Are placed in the fresh food compartment and the freezer compartment of the household refrigerator, respectively. The evaporators 108 and 124 are arranged such that excess liquid refrigerant flows out of the evaporator naturally.

The feature of the present invention resides in the heat transfer structure between the pipes. Specifically, in this embodiment, the second capillary 12
2 and a pipe 130, that is, a heat transfer structure between the suction line of the second evaporator 124. The second capillary 122 is arranged in a counter-current heat transfer relationship with the pipe 130. More specifically, the second capillary 122 is in thermal contact with the pipe 130. The thermal contact is made between, for example, the outer surface of the capillary 122 and the pipe 1.
Achieved by soldering side by side with a portion of 30. As a diagrammatic representation of the heat transfer relationship, the capillary 12
2 is shown as wrapped around piping 130. As described above, heat transfer is performed in a counter-flow (counter-flow) relationship. That is, the refrigerant flowing through the capillary 122 proceeds in a direction opposite to the flow of the refrigerant flowing through the pipe 130. As is well known in the art, using a countercurrent heat exchange arrangement, rather than a heat exchange arrangement in which both flows proceed in the same direction, increases heat exchange efficiency. Details of the effect obtained by this heat transfer structure will be described with reference to FIGS. Note that in another embodiment (not shown), the capillary 122
It is also conceivable to arrange the capillaries 122 such that the flow of the gas and the flow of the pipe 130 proceed in the same direction.

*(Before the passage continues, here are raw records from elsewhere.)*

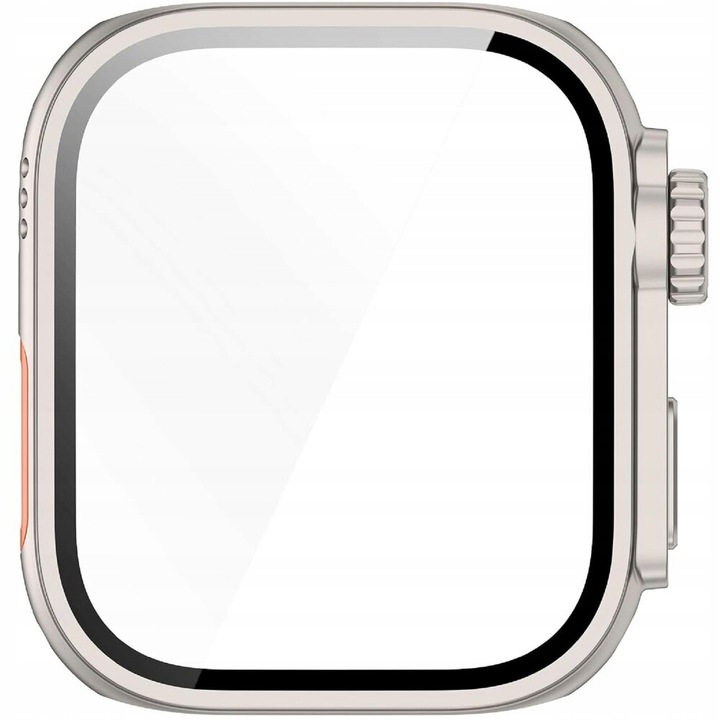 2w1 ETUI + SZKŁO HARTOWANE CASE OBUDOWA DO HUAWEI WATCH FIT 3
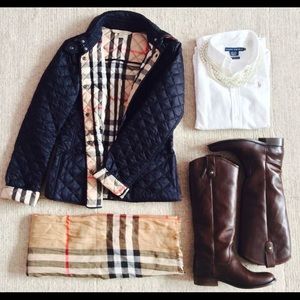 🛍🛍🛍Authentic Burberry Brit🎉MAKE AN OFFER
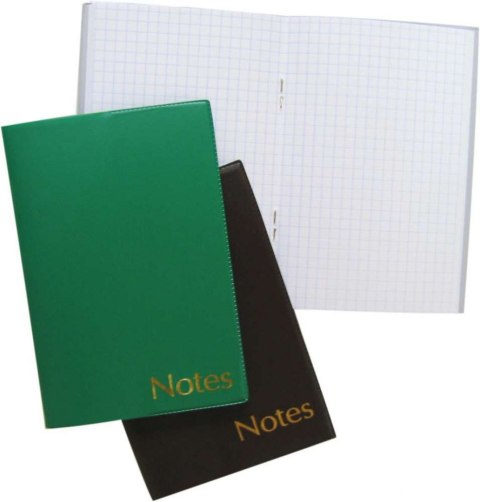 Notes (notatnik) FOLIA GALANTERYJNA A6 60k. krata [mm:] 100x148 Warta (120-010)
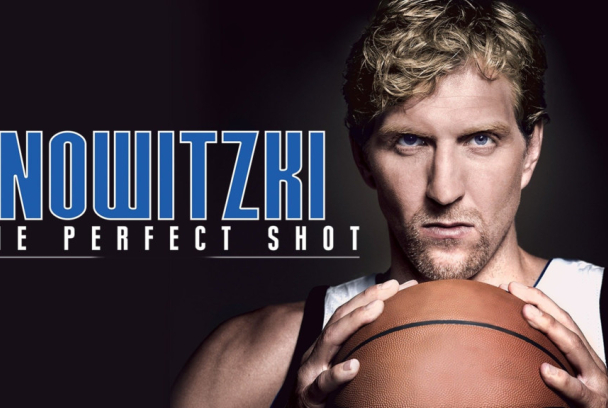 Nowitzki: el tiro perfecto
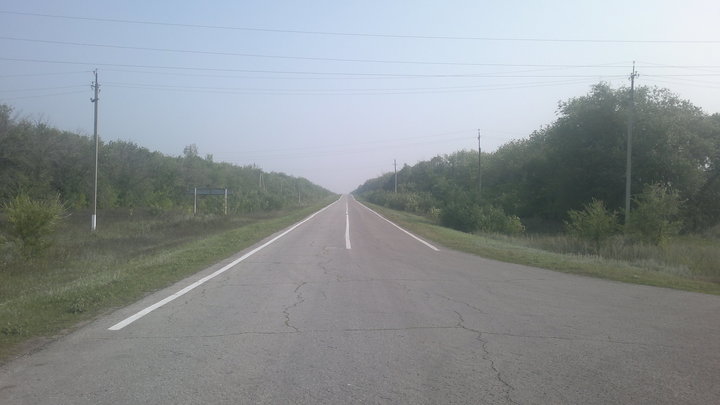 Хуже, чем в Краснодаре и Ставрополе. Ростовская область оказалась на 31-м месте по качеству дорог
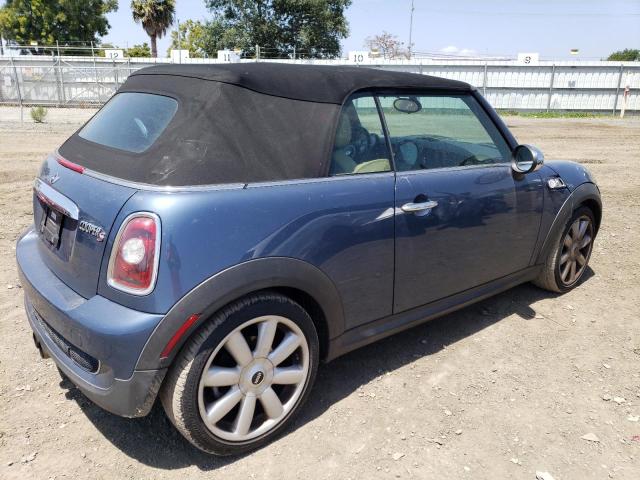 Photo 3 from auction – 2009 MINI COOPER S with VIN WMWMS33599TG89844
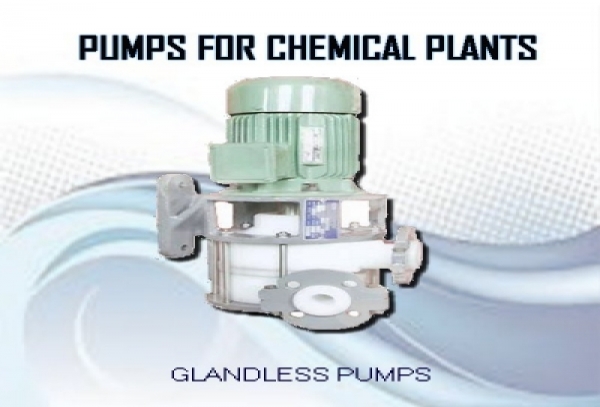 Pumps For Chemical Plants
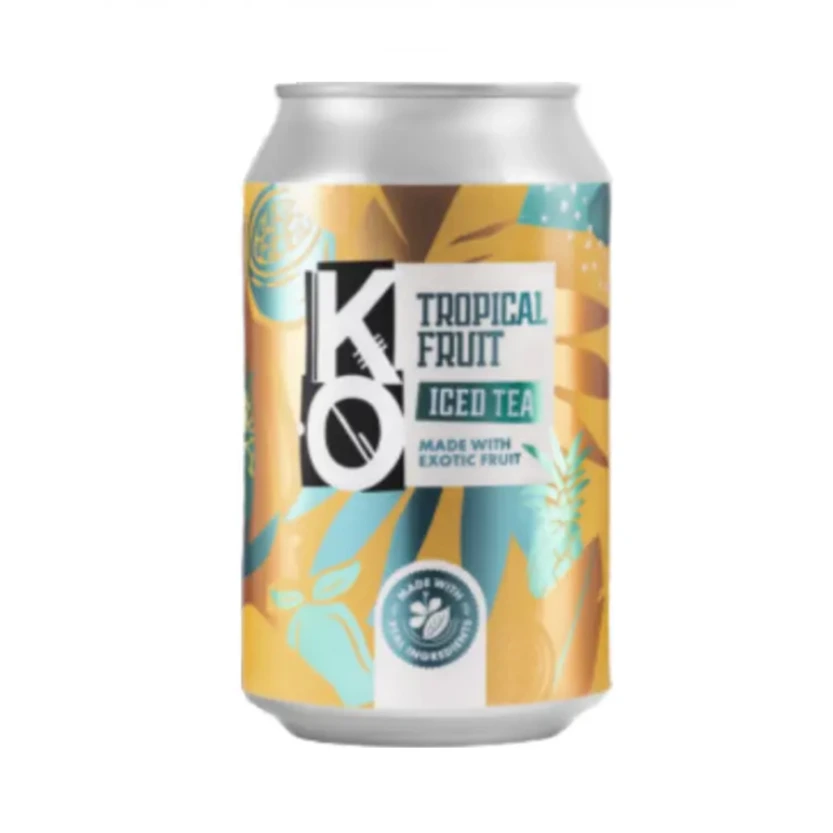 [BL6295] KO Tropical Fruit Iced Can 330ml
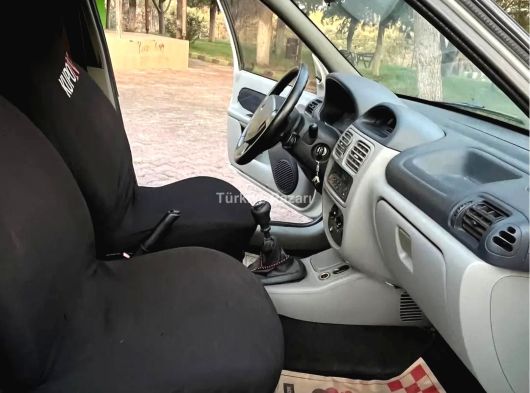 Clio 1.4 benzin lpg klimalı
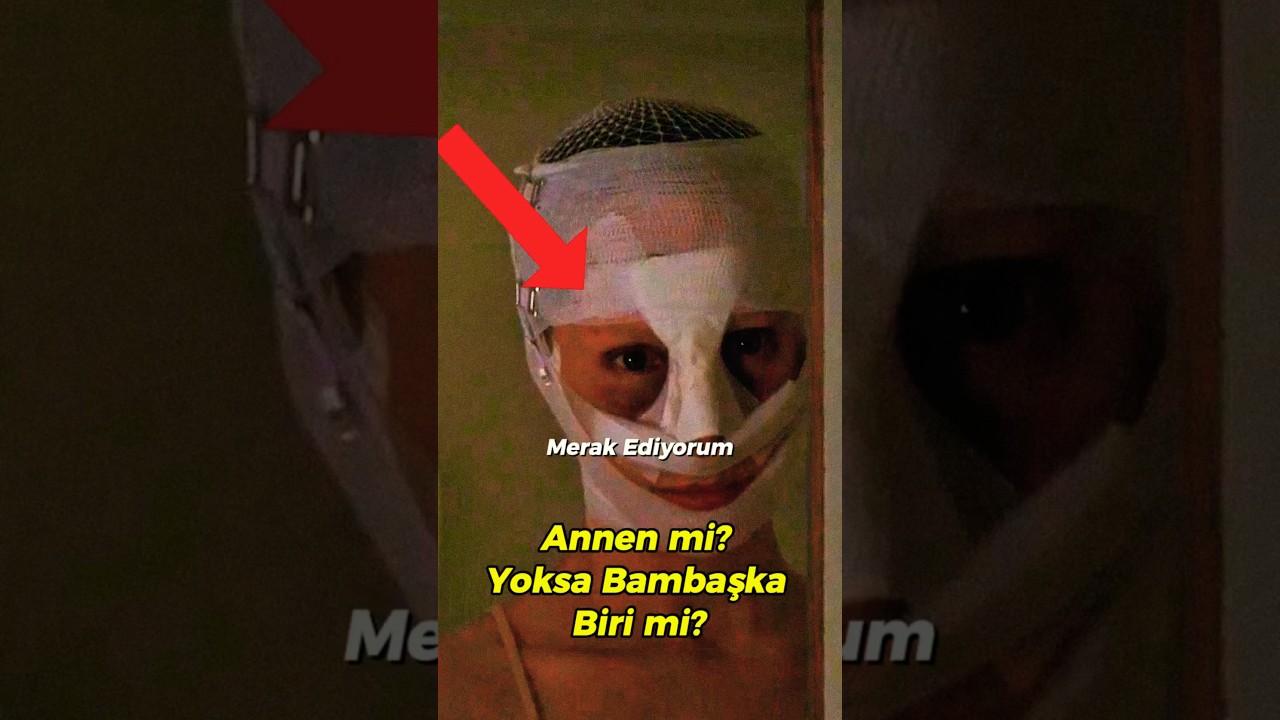 Bu kadın kim? Annen mi? Yoksa Başka Biri mi? 🤯 #film&ouml;nerisi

The first capillary 106 is connected to pipes 120 and 13
0 and are arranged in a countercurrent heat exchange relationship. Thermal contact can be made, for example, with the outer surface of the capillary 106 and the tubing 120 and 130.
It is achieved by arranging and soldering some of the parts together. As a diagrammatic representation of the heat transfer relationship, the capillary tube 106 is shown as being wrapped around pipes 120 and 130. Heat transfer takes place in countercurrent relationship. That is,
Refrigerant flowing through the capillary 106 is supplied to pipes 120 and 130.
Flows in the opposite direction to the flow of the refrigerant flowing through.

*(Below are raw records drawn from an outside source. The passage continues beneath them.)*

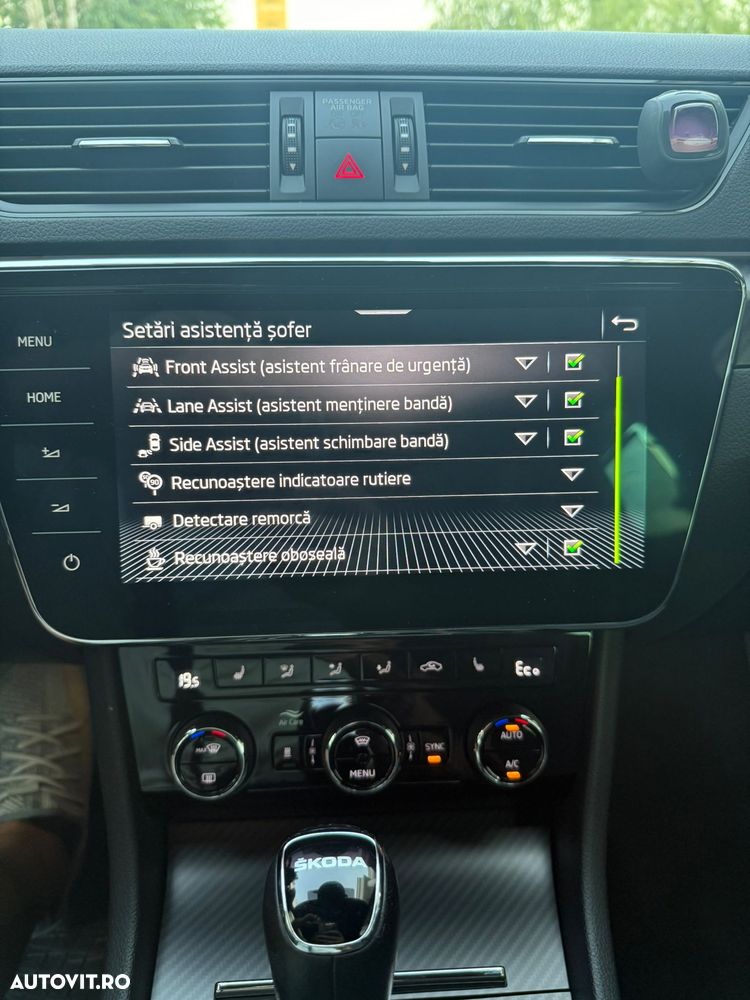 Skoda Superb - 23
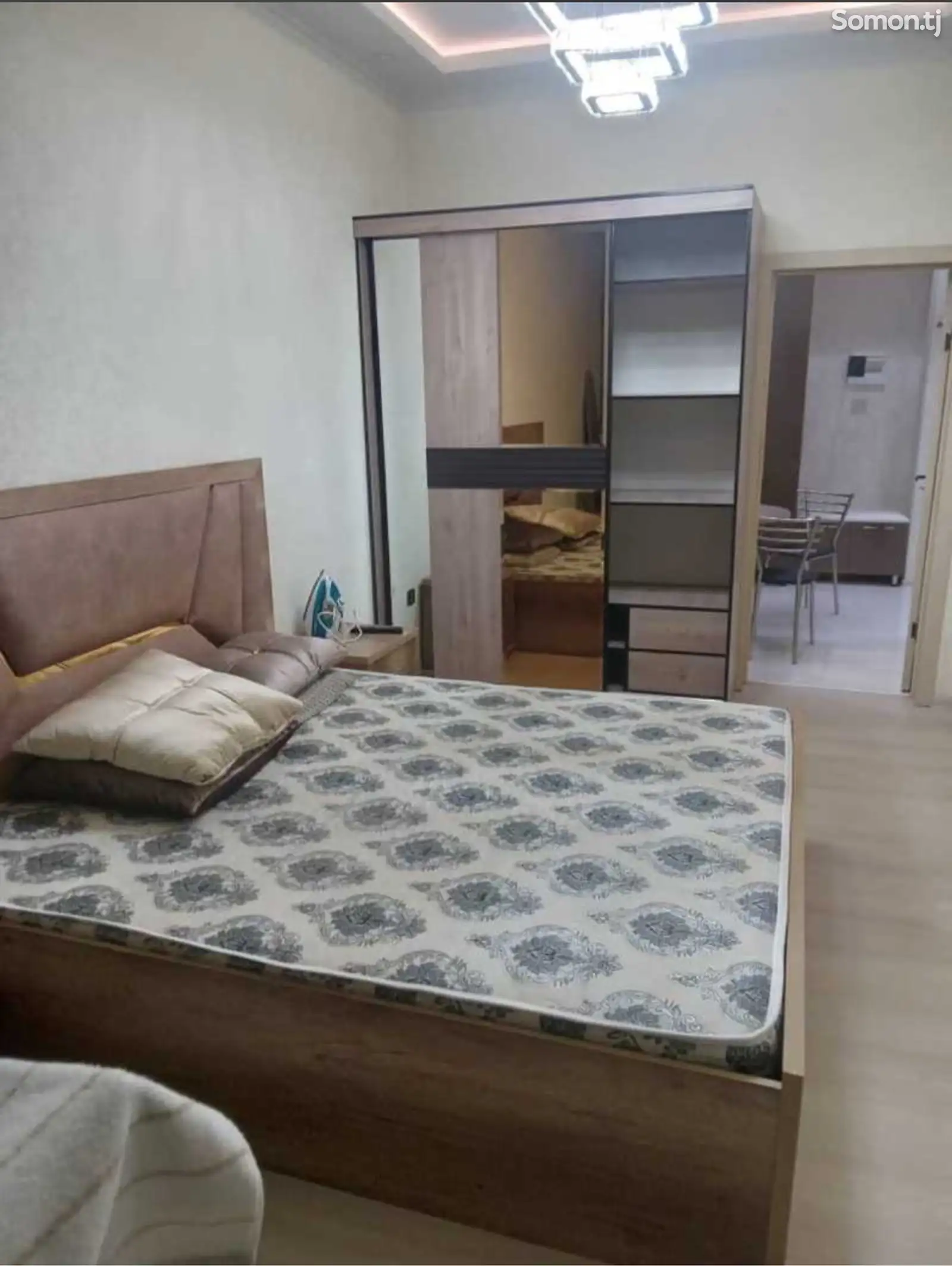 2-комн. квартира, 7 этаж, 60м², Шоҳмансур-1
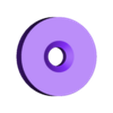 Base Spindle Cap.STL Модель часов 220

In addition to the components described above, the device 100 includes a liquid separator (accumulator) 134. Liquid separator 1
34 is located at the outlet of the second evaporator 124 and in the freezer compartment. FIG. 1 also shows a pressure sensor 138. The pressure sensor 138 is disposed between the heat exchange arrangement of the capillary 106 and the pipe 120 and the control unit 118 at a position that generates a signal representing the pressure of the refrigerant flowing through the pipe 120. As described later, the operation of the control unit 118 is controlled using an output signal from the pressure sensor 138.

Reference is now made to FIG. FIG. 2 shows the liquid separator 1
34 is a detailed view of FIG. The liquid separator 134 is the second evaporator 12
4, and supplies the vapor refrigerant to the compressor unit 102 via the control unit 118.
An internal transport line extraction hole 136 is provided to prevent stagnation of lubricating oil when cycle conditions change, for example, when superheated steam is discharged from second evaporator 124.

When the second evaporator 124 operates at a temperature below the specification temperature, for example, due to a reduced thermal load or due to the setting of the chamber thermostat, some liquid will Is discharged from Liquid separator 134
Means that the liquid discharged from the second evaporator 124
To prevent loss of cooling capacity resulting from evaporation. Specifically, the liquid discharged from the second evaporator 124 is stored in the liquid separator 134. The steam discharged from the second evaporator 124 passes through the pipe 130. Second evaporator 12
4 is overheated, the liquid separator 13
The refrigerant liquid stored in 4 evaporates in liquid separator 134 and flows to pipe 130. Thus, the liquid separator 1
Numeral 34 prevents the cooling capacity of the second evaporator 124 from being lost.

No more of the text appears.